----- Given records
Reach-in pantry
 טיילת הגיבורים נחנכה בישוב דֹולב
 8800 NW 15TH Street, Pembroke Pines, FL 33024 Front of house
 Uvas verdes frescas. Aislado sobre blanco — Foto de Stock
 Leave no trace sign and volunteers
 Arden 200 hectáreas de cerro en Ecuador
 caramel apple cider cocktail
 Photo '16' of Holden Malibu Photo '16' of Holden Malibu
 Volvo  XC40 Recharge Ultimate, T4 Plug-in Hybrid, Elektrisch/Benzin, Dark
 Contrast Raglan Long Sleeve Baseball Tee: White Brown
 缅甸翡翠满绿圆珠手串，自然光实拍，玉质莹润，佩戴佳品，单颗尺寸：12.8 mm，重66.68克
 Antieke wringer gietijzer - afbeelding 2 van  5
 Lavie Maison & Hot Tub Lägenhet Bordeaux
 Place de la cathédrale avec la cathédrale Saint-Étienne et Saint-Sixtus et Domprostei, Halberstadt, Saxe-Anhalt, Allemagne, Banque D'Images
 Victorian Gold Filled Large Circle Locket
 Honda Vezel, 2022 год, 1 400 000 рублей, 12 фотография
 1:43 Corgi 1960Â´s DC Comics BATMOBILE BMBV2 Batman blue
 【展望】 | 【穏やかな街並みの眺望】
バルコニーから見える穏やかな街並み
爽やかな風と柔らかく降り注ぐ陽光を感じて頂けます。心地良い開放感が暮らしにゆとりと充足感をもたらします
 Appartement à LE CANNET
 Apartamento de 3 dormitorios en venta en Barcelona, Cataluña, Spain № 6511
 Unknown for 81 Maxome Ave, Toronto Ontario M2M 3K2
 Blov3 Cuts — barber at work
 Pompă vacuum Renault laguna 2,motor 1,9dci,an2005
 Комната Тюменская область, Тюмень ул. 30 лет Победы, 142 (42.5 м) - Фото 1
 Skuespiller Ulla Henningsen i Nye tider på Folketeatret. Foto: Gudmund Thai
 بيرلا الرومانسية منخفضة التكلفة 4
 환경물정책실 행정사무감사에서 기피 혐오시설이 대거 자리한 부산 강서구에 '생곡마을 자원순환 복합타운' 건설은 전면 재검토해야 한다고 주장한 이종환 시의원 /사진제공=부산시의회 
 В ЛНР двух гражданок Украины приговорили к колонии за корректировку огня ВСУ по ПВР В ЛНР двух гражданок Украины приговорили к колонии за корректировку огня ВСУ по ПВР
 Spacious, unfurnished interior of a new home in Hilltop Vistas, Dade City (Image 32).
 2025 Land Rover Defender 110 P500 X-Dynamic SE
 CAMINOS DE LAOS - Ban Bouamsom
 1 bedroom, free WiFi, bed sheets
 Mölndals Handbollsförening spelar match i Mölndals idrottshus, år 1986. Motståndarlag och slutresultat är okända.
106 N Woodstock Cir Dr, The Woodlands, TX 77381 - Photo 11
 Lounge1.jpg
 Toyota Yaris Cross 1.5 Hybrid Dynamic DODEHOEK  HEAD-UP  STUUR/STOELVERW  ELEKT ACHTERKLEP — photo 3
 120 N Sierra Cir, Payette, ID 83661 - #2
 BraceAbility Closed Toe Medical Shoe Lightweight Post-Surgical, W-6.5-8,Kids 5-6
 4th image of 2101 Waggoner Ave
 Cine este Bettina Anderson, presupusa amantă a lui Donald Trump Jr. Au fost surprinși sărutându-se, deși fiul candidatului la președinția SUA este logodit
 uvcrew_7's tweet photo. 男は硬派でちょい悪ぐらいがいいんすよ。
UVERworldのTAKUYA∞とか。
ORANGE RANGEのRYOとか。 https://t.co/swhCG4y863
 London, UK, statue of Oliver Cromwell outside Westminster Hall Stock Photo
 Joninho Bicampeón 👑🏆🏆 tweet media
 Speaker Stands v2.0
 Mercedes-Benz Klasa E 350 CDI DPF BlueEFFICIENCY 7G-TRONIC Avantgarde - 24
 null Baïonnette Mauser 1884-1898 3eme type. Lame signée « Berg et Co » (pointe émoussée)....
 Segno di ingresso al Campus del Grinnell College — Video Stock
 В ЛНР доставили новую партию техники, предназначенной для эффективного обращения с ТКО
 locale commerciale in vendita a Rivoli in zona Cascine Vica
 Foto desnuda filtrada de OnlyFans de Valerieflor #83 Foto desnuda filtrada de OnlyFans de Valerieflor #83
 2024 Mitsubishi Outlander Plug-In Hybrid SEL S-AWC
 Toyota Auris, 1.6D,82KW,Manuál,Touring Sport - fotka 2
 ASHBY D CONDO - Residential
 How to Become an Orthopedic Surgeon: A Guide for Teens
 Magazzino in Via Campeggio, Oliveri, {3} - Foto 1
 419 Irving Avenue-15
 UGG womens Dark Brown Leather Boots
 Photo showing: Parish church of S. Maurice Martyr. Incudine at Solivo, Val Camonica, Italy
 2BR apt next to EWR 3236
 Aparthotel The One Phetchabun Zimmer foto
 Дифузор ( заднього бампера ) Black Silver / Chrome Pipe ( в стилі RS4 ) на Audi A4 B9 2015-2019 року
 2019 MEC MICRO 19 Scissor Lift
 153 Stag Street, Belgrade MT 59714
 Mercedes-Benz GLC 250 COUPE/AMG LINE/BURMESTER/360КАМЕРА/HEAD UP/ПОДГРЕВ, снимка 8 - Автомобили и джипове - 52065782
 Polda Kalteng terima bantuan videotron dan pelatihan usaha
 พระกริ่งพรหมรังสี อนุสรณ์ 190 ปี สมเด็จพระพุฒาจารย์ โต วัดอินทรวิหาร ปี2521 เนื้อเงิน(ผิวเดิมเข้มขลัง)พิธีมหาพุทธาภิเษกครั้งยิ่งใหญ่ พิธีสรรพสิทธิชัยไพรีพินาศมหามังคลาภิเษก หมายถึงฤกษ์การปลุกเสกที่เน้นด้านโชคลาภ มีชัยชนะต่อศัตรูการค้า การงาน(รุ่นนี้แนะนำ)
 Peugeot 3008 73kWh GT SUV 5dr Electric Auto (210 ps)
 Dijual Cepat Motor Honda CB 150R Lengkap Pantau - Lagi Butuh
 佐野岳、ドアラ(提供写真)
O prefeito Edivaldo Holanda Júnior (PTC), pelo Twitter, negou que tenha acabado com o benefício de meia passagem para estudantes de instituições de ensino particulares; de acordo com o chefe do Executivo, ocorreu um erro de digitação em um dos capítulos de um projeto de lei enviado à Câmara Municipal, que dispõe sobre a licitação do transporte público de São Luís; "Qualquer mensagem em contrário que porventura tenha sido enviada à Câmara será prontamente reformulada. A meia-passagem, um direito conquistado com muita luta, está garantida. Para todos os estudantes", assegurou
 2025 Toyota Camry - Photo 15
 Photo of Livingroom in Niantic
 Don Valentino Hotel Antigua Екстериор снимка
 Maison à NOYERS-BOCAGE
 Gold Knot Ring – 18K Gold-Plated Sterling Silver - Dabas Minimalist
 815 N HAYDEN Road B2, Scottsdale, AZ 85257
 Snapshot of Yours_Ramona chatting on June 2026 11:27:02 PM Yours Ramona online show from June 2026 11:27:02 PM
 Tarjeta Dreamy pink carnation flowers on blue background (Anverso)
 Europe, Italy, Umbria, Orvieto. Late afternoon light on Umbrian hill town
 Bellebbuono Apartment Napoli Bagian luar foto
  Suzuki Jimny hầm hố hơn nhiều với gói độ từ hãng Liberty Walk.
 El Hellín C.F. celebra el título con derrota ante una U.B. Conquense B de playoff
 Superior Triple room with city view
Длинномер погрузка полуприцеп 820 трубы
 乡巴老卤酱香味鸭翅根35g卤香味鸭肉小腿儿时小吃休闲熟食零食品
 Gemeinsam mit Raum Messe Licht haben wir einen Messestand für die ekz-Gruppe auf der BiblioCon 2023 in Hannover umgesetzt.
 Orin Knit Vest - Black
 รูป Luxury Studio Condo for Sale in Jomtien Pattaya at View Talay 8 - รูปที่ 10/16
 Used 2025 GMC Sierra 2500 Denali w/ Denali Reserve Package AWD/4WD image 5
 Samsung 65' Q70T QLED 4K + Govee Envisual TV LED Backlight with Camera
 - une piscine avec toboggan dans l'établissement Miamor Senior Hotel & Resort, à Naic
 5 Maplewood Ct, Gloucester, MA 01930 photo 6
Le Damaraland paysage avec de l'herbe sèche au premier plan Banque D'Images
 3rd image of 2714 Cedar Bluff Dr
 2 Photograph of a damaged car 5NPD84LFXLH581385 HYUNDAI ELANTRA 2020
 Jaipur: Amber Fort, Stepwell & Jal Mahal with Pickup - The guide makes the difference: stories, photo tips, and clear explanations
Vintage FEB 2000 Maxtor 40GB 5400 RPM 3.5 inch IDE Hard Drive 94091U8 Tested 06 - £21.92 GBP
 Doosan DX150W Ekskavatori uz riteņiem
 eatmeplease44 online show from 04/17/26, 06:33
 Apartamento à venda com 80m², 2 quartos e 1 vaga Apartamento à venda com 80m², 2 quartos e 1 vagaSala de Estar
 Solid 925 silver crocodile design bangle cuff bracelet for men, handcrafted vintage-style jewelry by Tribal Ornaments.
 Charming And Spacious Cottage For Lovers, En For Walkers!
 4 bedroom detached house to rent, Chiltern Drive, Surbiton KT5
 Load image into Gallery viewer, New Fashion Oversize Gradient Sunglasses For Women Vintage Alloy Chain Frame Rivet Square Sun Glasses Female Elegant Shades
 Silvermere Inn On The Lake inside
----------
# What is being asked
Give back exactly the lines of the listing above that run from the line with "Antieke wringer gietijzer" to the line with "ORANGE RANGEのRYOとか。 https://t.co/swhCG4y863", inclusive.

# Your response
 Antieke wringer gietijzer - afbeelding 2 van  5
 Lavie Maison & Hot Tub Lägenhet Bordeaux
 Place de la cathédrale avec la cathédrale Saint-Étienne et Saint-Sixtus et Domprostei, Halberstadt, Saxe-Anhalt, Allemagne, Banque D'Images
 Victorian Gold Filled Large Circle Locket
 Honda Vezel, 2022 год, 1 400 000 рублей, 12 фотография
 1:43 Corgi 1960Â´s DC Comics BATMOBILE BMBV2 Batman blue
 【展望】 | 【穏やかな街並みの眺望】
バルコニーから見える穏やかな街並み
爽やかな風と柔らかく降り注ぐ陽光を感じて頂けます。心地良い開放感が暮らしにゆとりと充足感をもたらします
 Appartement à LE CANNET
 Apartamento de 3 dormitorios en venta en Barcelona, Cataluña, Spain № 6511
 Unknown for 81 Maxome Ave, Toronto Ontario M2M 3K2
 Blov3 Cuts — barber at work
 Pompă vacuum Renault laguna 2,motor 1,9dci,an2005
 Комната Тюменская область, Тюмень ул. 30 лет Победы, 142 (42.5 м) - Фото 1
 Skuespiller Ulla Henningsen i Nye tider på Folketeatret. Foto: Gudmund Thai
 بيرلا الرومانسية منخفضة التكلفة 4
 환경물정책실 행정사무감사에서 기피 혐오시설이 대거 자리한 부산 강서구에 '생곡마을 자원순환 복합타운' 건설은 전면 재검토해야 한다고 주장한 이종환 시의원 /사진제공=부산시의회 
 В ЛНР двух гражданок Украины приговорили к колонии за корректировку огня ВСУ по ПВР В ЛНР двух гражданок Украины приговорили к колонии за корректировку огня ВСУ по ПВР
 Spacious, unfurnished interior of a new home in Hilltop Vistas, Dade City (Image 32).
 2025 Land Rover Defender 110 P500 X-Dynamic SE
 CAMINOS DE LAOS - Ban Bouamsom
 1 bedroom, free WiFi, bed sheets
 Mölndals Handbollsförening spelar match i Mölndals idrottshus, år 1986. Motståndarlag och slutresultat är okända.
106 N Woodstock Cir Dr, The Woodlands, TX 77381 - Photo 11
 Lounge1.jpg
 Toyota Yaris Cross 1.5 Hybrid Dynamic DODEHOEK  HEAD-UP  STUUR/STOELVERW  ELEKT ACHTERKLEP — photo 3
 120 N Sierra Cir, Payette, ID 83661 - #2
 BraceAbility Closed Toe Medical Shoe Lightweight Post-Surgical, W-6.5-8,Kids 5-6
 4th image of 2101 Waggoner Ave
 Cine este Bettina Anderson, presupusa amantă a lui Donald Trump Jr. Au fost surprinși sărutându-se, deși fiul candidatului la președinția SUA este logodit
 uvcrew_7's tweet photo. 男は硬派でちょい悪ぐらいがいいんすよ。
UVERworldのTAKUYA∞とか。
ORANGE RANGEのRYOとか。 https://t.co/swhCG4y863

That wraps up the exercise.